Items from a data source
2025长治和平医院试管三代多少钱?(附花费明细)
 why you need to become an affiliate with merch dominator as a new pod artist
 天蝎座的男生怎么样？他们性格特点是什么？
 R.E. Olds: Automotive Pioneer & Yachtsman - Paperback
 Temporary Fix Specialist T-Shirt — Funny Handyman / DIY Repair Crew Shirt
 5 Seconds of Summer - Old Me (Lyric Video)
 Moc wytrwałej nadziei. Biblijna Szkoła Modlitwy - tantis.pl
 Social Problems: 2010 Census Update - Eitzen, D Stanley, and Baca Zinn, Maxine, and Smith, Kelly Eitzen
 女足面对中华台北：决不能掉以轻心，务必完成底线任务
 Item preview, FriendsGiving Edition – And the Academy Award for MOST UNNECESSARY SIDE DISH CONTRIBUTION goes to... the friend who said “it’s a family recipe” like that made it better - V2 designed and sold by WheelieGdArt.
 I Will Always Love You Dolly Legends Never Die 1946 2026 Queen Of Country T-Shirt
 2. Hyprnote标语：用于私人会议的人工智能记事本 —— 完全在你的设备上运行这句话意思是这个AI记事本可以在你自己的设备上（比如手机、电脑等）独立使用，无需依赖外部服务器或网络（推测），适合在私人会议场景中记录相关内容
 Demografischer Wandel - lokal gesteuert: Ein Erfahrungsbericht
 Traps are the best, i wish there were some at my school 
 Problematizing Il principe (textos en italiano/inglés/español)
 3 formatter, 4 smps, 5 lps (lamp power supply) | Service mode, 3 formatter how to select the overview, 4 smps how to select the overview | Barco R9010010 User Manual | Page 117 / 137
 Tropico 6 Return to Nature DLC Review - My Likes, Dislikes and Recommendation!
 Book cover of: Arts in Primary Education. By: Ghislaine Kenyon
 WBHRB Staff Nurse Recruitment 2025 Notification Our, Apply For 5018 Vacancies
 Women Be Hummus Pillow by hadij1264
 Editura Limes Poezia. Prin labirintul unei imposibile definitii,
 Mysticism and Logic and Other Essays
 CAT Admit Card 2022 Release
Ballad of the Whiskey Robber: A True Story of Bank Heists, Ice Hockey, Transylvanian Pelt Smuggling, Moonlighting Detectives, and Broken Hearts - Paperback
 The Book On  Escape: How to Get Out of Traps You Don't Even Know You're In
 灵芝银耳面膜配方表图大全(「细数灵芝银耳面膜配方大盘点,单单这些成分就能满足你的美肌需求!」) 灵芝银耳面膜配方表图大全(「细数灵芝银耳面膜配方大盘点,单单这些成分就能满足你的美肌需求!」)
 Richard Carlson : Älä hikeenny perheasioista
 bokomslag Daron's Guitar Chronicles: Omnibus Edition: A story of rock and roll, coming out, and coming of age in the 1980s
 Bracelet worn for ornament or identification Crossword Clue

* What the task requires
Of all the entries above, output exactly the lines between the one holding "R.E. Olds: Automotive" and the one holding "Problematizing Il principe", inclusive.

* Result of this task
 R.E. Olds: Automotive Pioneer & Yachtsman - Paperback
 Temporary Fix Specialist T-Shirt — Funny Handyman / DIY Repair Crew Shirt
 5 Seconds of Summer - Old Me (Lyric Video)
 Moc wytrwałej nadziei. Biblijna Szkoła Modlitwy - tantis.pl
 Social Problems: 2010 Census Update - Eitzen, D Stanley, and Baca Zinn, Maxine, and Smith, Kelly Eitzen
 女足面对中华台北：决不能掉以轻心，务必完成底线任务
 Item preview, FriendsGiving Edition – And the Academy Award for MOST UNNECESSARY SIDE DISH CONTRIBUTION goes to... the friend who said “it’s a family recipe” like that made it better - V2 designed and sold by WheelieGdArt.
 I Will Always Love You Dolly Legends Never Die 1946 2026 Queen Of Country T-Shirt
 2. Hyprnote标语：用于私人会议的人工智能记事本 —— 完全在你的设备上运行这句话意思是这个AI记事本可以在你自己的设备上（比如手机、电脑等）独立使用，无需依赖外部服务器或网络（推测），适合在私人会议场景中记录相关内容
 Demografischer Wandel - lokal gesteuert: Ein Erfahrungsbericht
 Traps are the best, i wish there were some at my school 
 Problematizing Il principe (textos en italiano/inglés/español)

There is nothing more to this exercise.